Work request: Look for the line with "BMW Série 1" in the data below, then reproduce word for word that line and every line after it. Leave out all pictures and add nothing.

Web page caption snippets
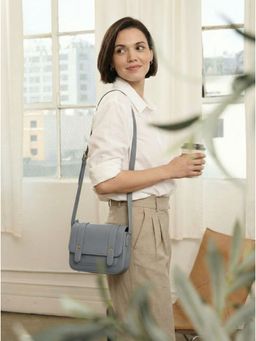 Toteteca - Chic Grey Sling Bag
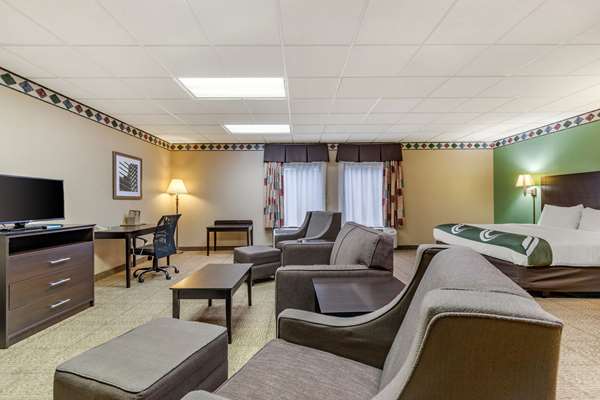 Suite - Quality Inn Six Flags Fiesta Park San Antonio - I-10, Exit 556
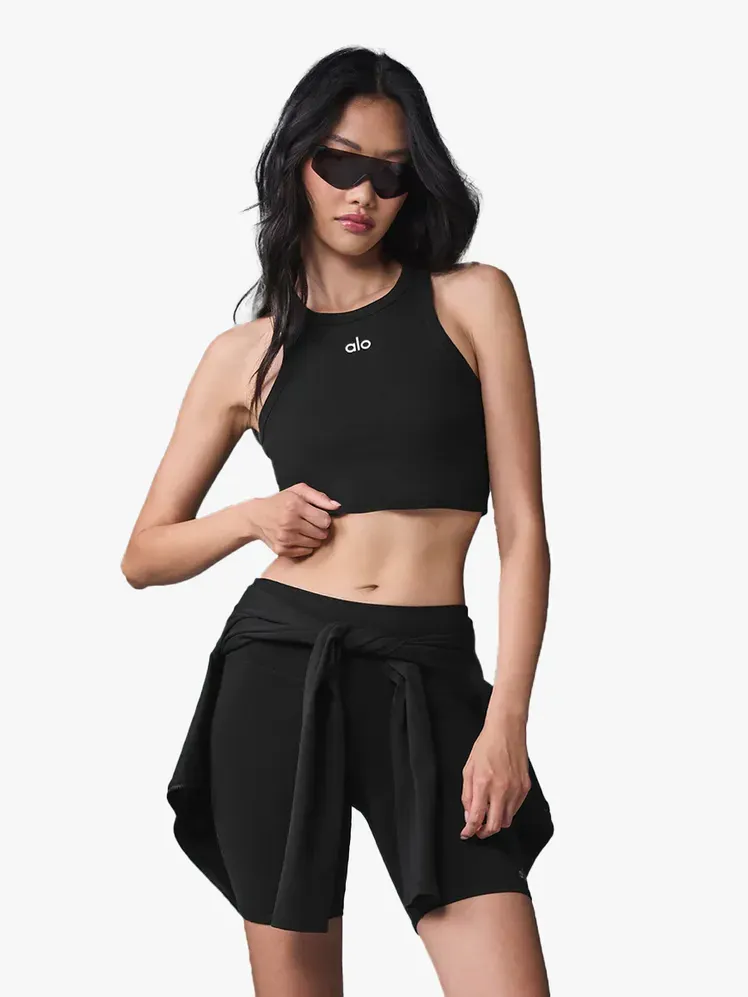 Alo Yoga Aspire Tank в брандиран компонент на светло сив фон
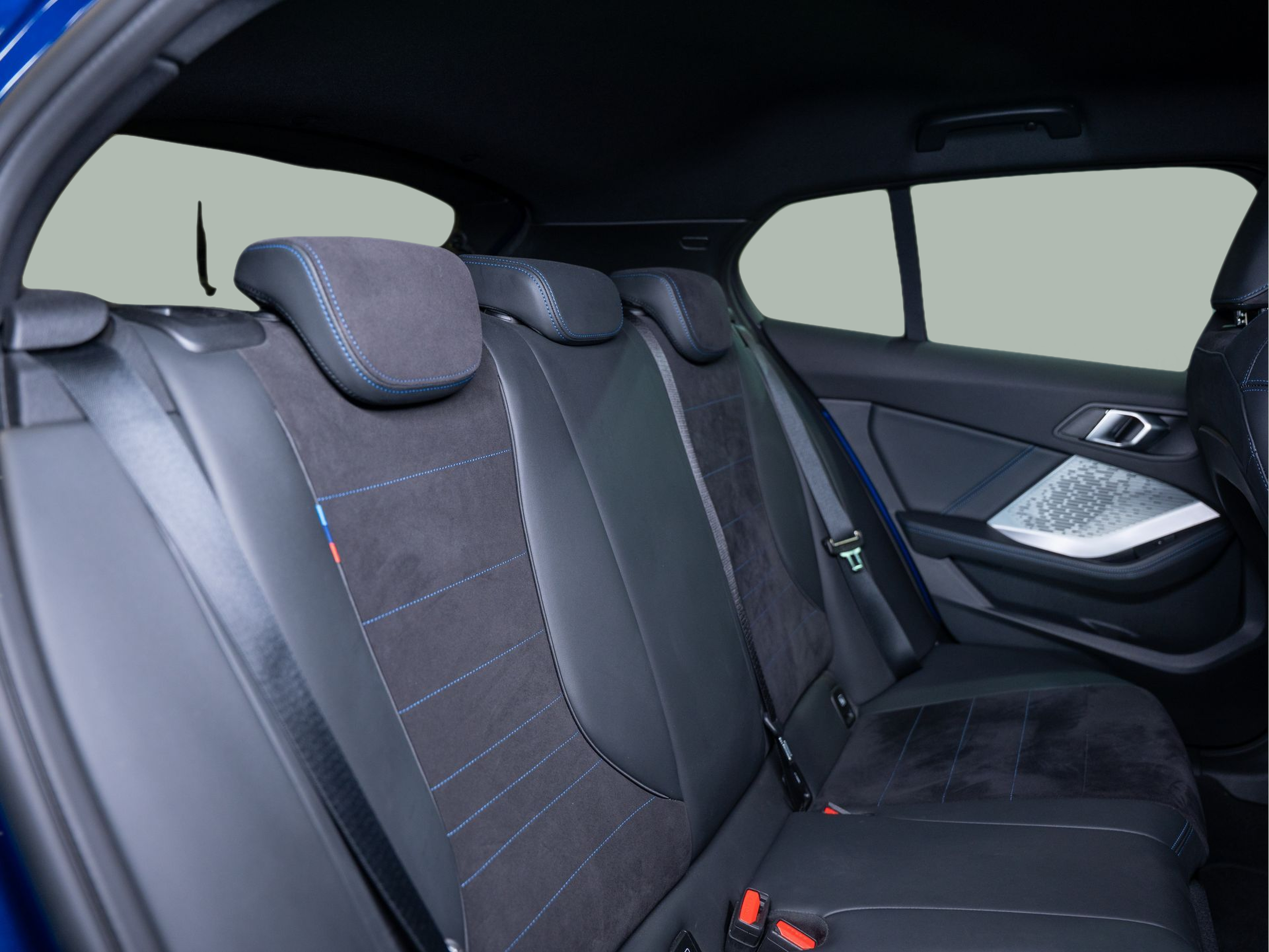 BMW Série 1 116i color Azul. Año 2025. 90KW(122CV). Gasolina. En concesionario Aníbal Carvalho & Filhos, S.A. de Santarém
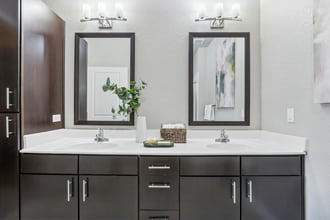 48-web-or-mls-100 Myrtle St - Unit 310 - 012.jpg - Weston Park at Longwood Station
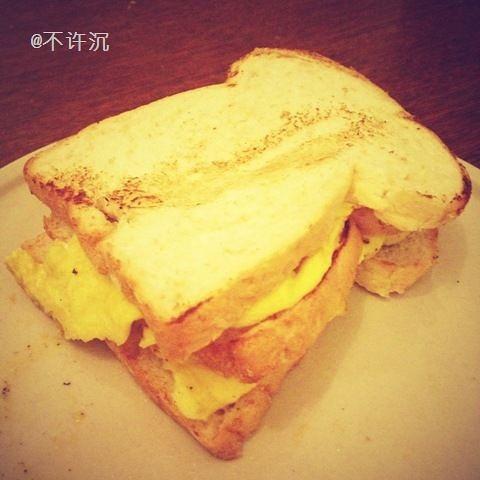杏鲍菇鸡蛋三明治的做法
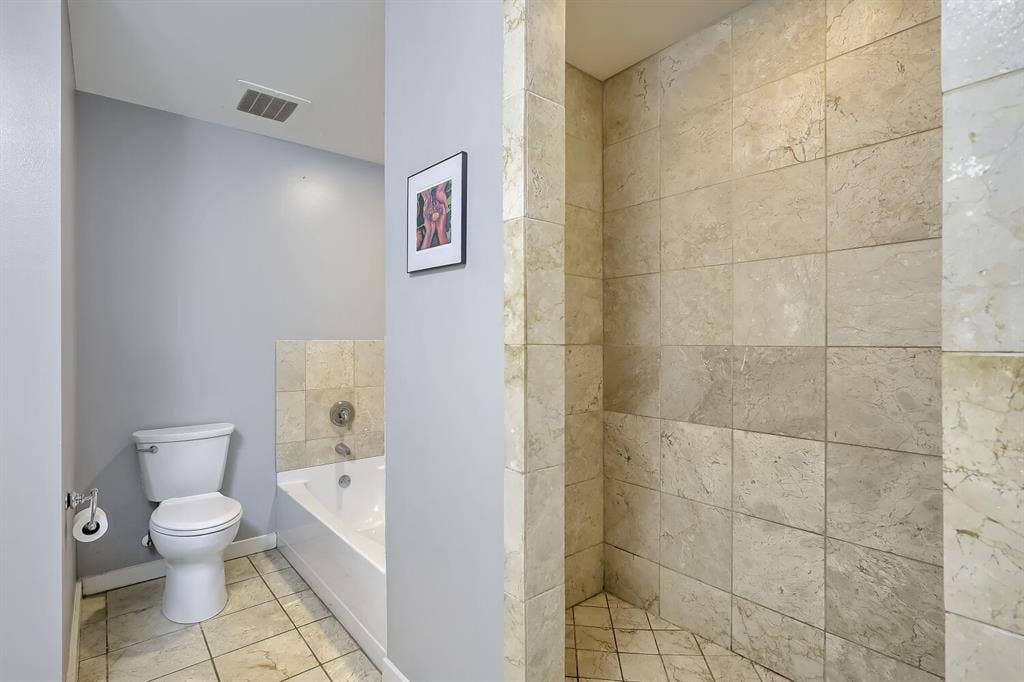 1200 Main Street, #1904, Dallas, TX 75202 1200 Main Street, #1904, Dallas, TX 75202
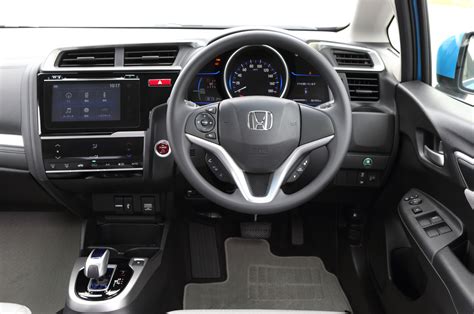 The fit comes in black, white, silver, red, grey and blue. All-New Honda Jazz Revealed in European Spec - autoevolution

Completed exercise:
 BMW Série 1 116i color Azul. Año 2025. 90KW(122CV). Gasolina. En concesionario Aníbal Carvalho & Filhos, S.A. de Santarém
 48-web-or-mls-100 Myrtle St - Unit 310 - 012.jpg - Weston Park at Longwood Station
杏鲍菇鸡蛋三明治的做法
 1200 Main Street, #1904, Dallas, TX 75202 1200 Main Street, #1904, Dallas, TX 75202
 The fit comes in black, white, silver, red, grey and blue. All-New Honda Jazz Revealed in European Spec - autoevolution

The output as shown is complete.